Certainly curious, but more needs to be investigated, especially with identifying those priests.


Posted By: Arthur-Robin
Date Posted: 04-Mar-2018 at 01:36
Originally posted by .Sidney

Originally posted by Arthur-Robin

Jesus was only 6 months younger than John.

Who told you this? This is another example of reading what we are told to read due to previous commentators. There is nothing in the Gospel narratives that says Jesus was six months older than John.

001:024 After these days Elizabeth, his wife, conceived, and she hid
        herself five months, saying,
001:026 Now in the sixth month, the angel Gabriel was sent from God
        to a city of Galilee, named Nazareth,
001:036 Behold, Elizabeth, your relative, also has conceived a son
        in her old age; and this is the sixth month with her who
        was called barren.
001:056 Mary stayed with her about three months, and then returned
        to her house.

Originally posted by .Sidney


Secondly, when Mary visits Elizabeth and John stirs in the womb, Elizabeth says "Blessed are you among women, and blessed is the child you will bear!" [Luke 1:42] - again the future tense. Not 'are bearing' but 'will bear'. Commentators claim that it is the presence of the foetal Jesus in Mary's womb that causes John to stir, but this is not what is written, for Elizabeth says "as soon as the sound of your greeting reached my ears, the baby in my womb leaped for joy." [Luke 1:44] It is the voice and presence of Mary which causes the reaction, not the presence of Jesus in her womb.
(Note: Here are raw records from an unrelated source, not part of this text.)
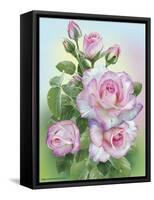 Morning Roses-Olga And Alexey Drozdov-Framed Stretched Canvas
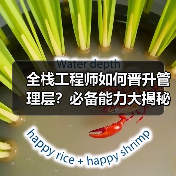 全栈工程师如何晋升管理层？必备能力大揭秘（图1）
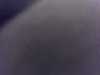 20131007-PICT0623-frame0001.jpg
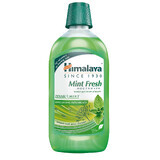 Himalaya Mint Fresh, collutorio rinfrescante, senza alcol, 450 ml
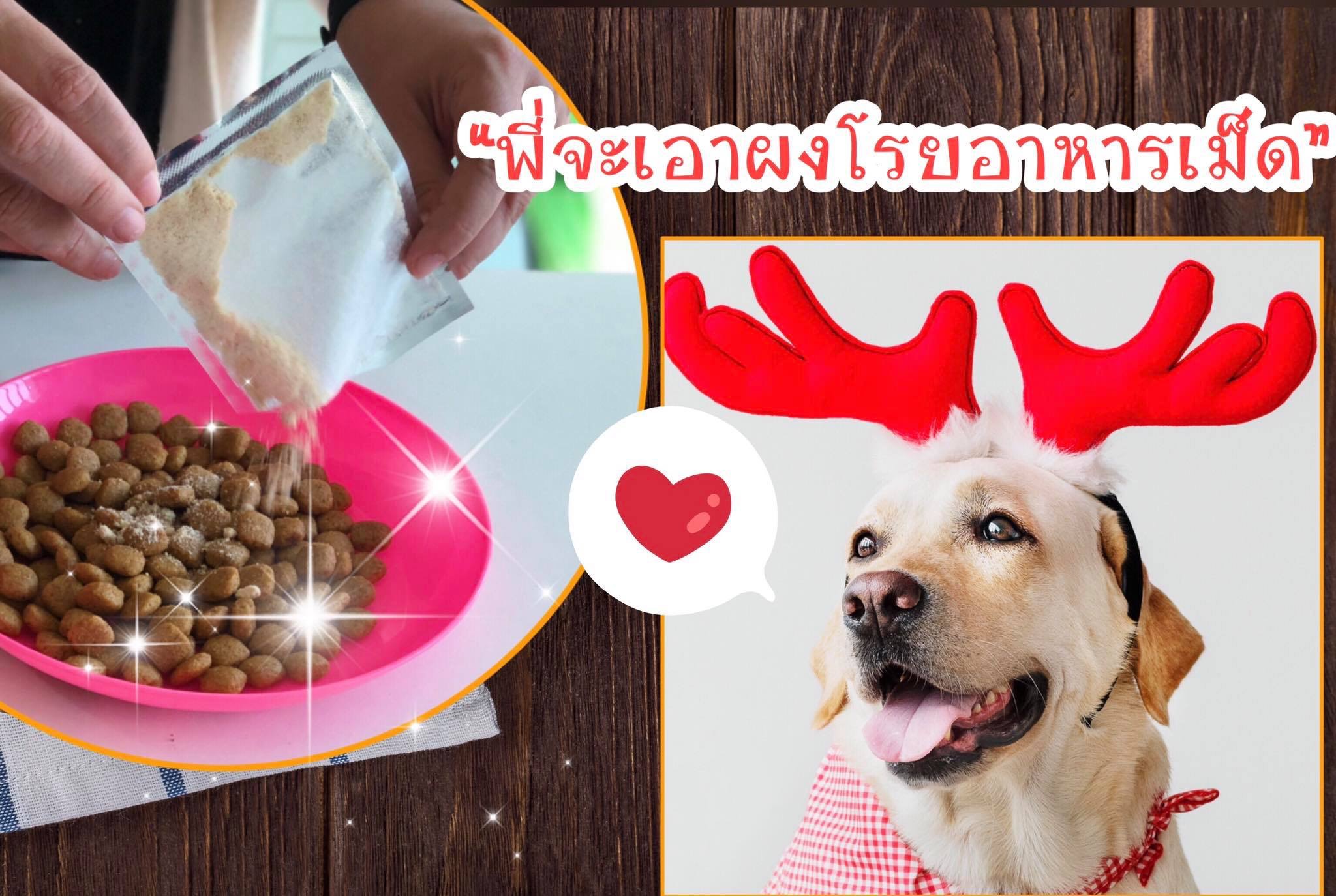  Chicken Meat Powder To Mix With Dog 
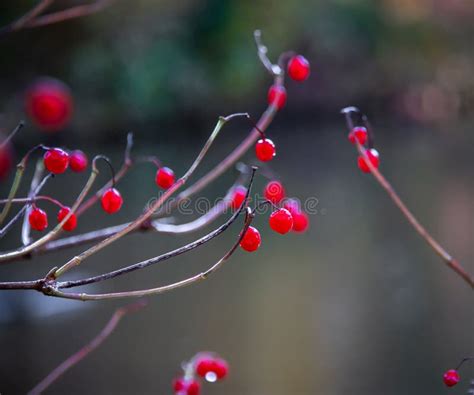 Red berry plant stock photo. Image of autumn, tree, macro - 131762570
Mary has clearly not yet conceived and is not yet pregnant.


001:015 For he will be great in the sight of the Lord, and he will drink
        no wine nor strong drink.  He will be filled with the Holy Spirit,
        even from his mother's womb.
001:031 Behold, you will conceive in your womb, and bring forth a son,
        and will call his name 'Jesus.'
001:041 It happened, when Elizabeth heard Mary's greeting,
        that the baby leaped in her womb, and Elizabeth was filled
        with the Holy Spirit.
001:042 She called out with a loud voice, and said, "Blessed are you
        among women, and blessed is the fruit of your womb!
001:043 Why am I so favored, that the mother of my Lord should come to me?
001:044 For behold, when the voice of your greeting came into my ears,
        the baby leaped in my womb for joy!
001:045 Blessed is she who believed, for there will be a fulfillment
        of the things which have been spoken to her from the Lord!"
002:021 When eight days were fulfilled for the circumcision of the child,
        his name was called Jesus, which was given by the angel
        before he was conceived in the womb.

I do not agree that the baby John only leaped at Mary and not at baby Jesus in womb, though i agree that your opinion is alternatively possible.
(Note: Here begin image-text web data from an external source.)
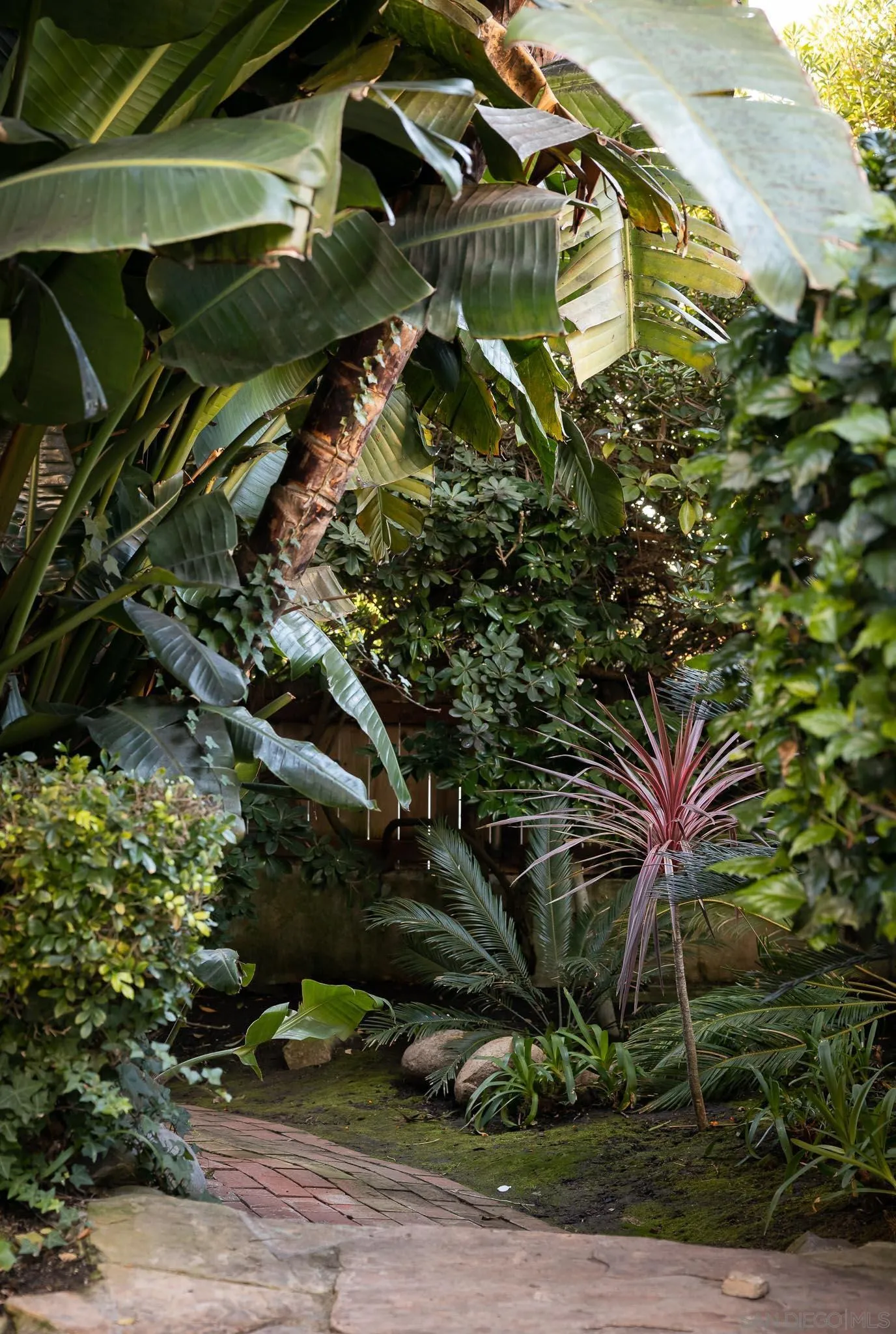 1004 Devonshire Drive San Diego, CA 92107 - Photo 45 of 54 a backyard of a house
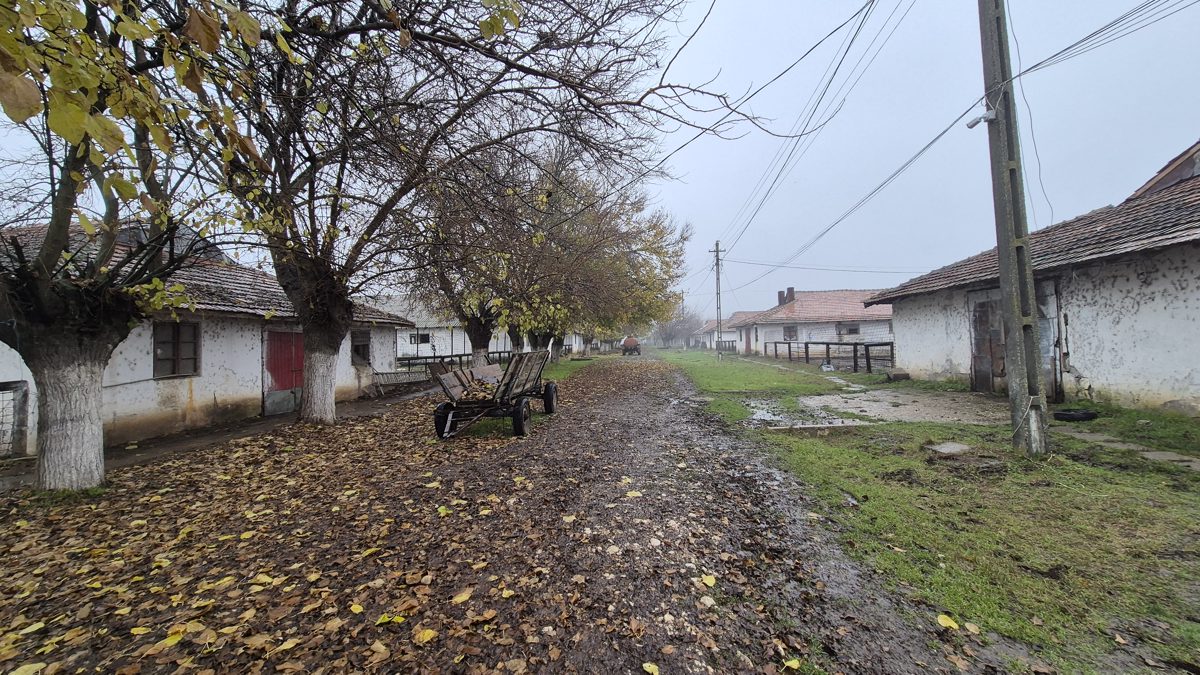 Miniatură 3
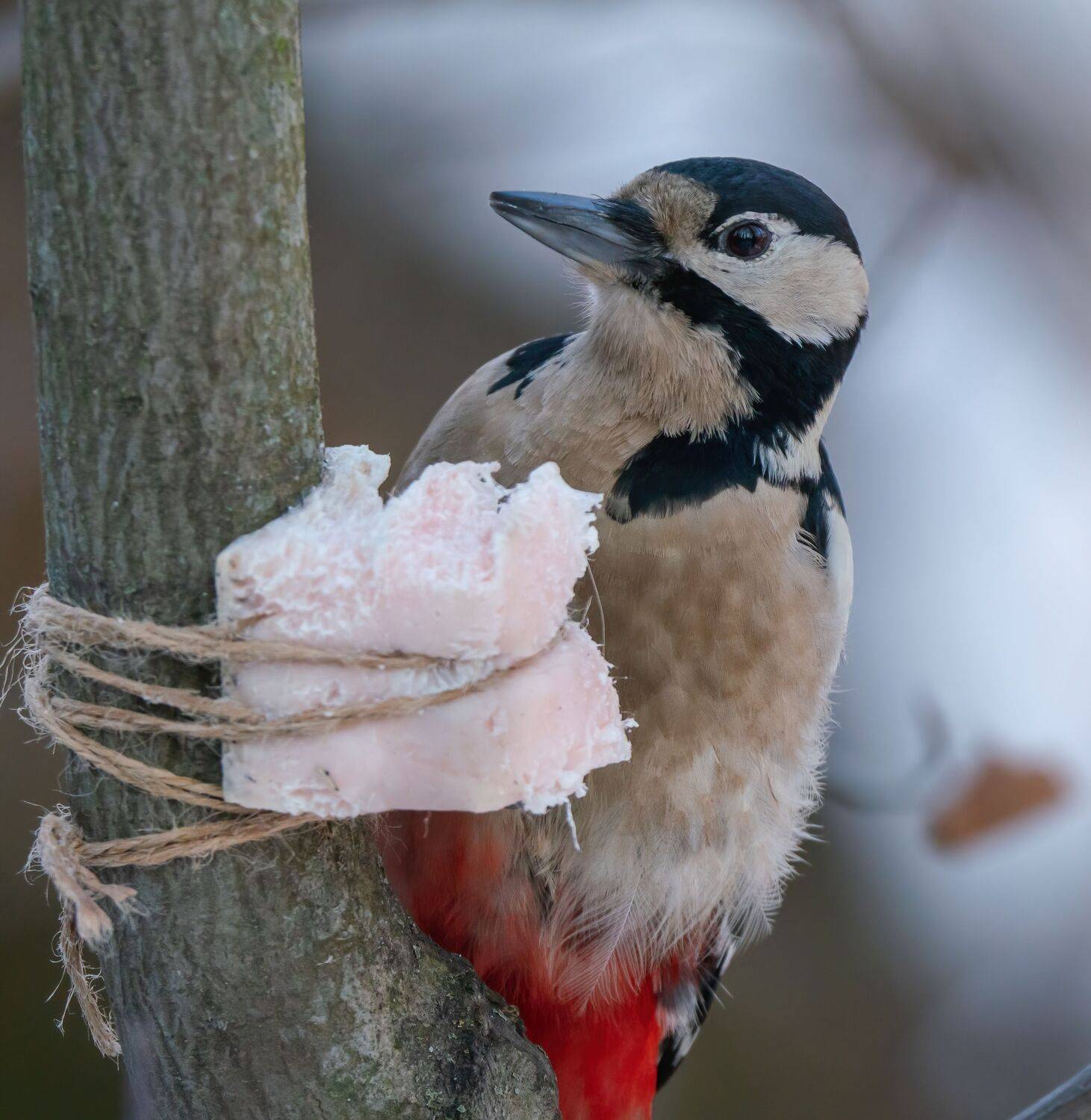 , Константин Дэм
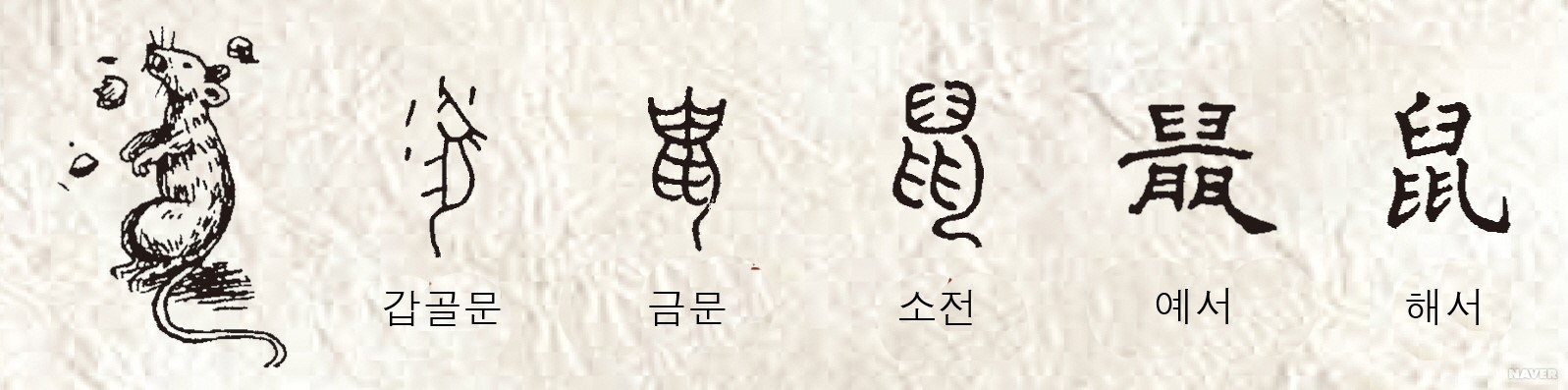 鼠(쥐 서)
John and Jesus seemingly like twins in some European sources?
See also the Jewish calendar in first post on first page.

Originally posted by .Sidney


Just as with the mistaken interpretation that the 15th year of Tiberius was also the 30th year of Jesus, we are here being told what to see, rather than thinking about it for ourselves.


I strongly object to you half-falsely/-untruly claiming i was/am "mistaken". These are the sorts of subtle wrongs i don't like (always subtle negatives (and nothings), and never any positives).
Anyone who has followed my net/web posts of last 4-11 years knows i think for myself far more than most people and experts.

Thanks for the interesting Mandean text info.
The "star flew down" might confirm a comet not a conjunction.
The 22 yrs is interesting but all the other evidences still suggests 12-3 bc for his birth and/or star and/or census, and i don't see any enough evidences for a 6/7 ad date. 15th of Tiberius has a 4 or so years range of possible date. I consider the biblical as more reliable than the Mandean (though i always do consider all sources as objectively as possible).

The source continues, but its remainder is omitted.